Ich habe ein Textfeld, in welches ich was eingebe.
Das Eingegebe wird dann ausgelesen und damit wird dann weitergearbeitet.
Jetzt erfordert mein Programm aber, dass man kurze Zeit später wieder einen Text eingibt.
Ich finde es ein wenig läßtig, jedesmal den bereits eingetippten Text wieder zu löschen.
Gibt es eine Möglichkeit per Button den Inhalt des Textfeldes zu löschen ?

mfG Lexi


----------



## L-ectron-X (14. Jan 2009)

Ja. Stelle die Frage nochmals konkreter.

Das Textfeld löscht du mit

tf.setText("");

Du kannst auch einen FocusListener anhängen und den Inhalt markieren.

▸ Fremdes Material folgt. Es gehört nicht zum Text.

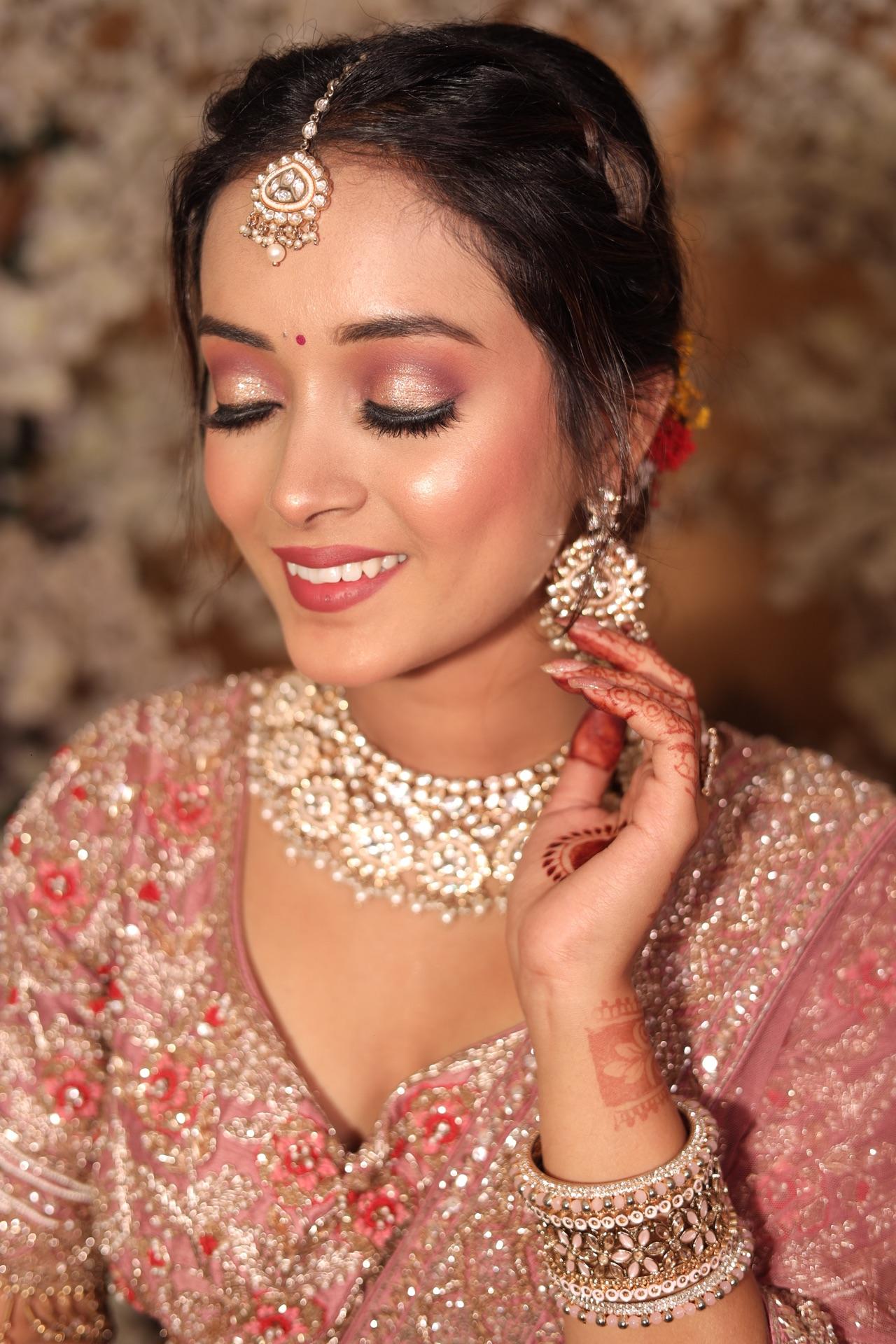 Bridal henna on hands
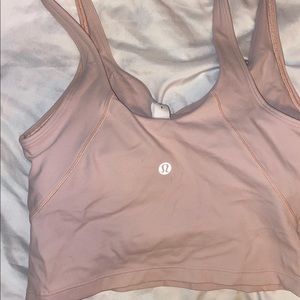 Lululemon feather pink align tank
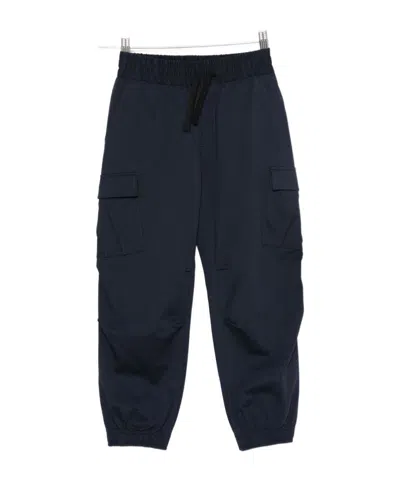 Dolce & Gabbana Drawstring Casual Pants In Blue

Dann wird er automatisch beim erneuten Eintrag ins Textfeld gelöscht.


----------



## Lexi (14. Jan 2009)

L-ectron-X hat gesagt.:
			
		

> Das Textfeld löscht du mit
> 
> tf.setText("");



Das ist genau das, was ich brauche, danke sehr 

Hätte ich im Prinzip auch selber drauf kommen können-.-
Das ist der Nachtteil wenn man nur einzelne CodeStücke erklärt bekommt und das Gesamte mehr oder weniger außen vor bleibt...


----------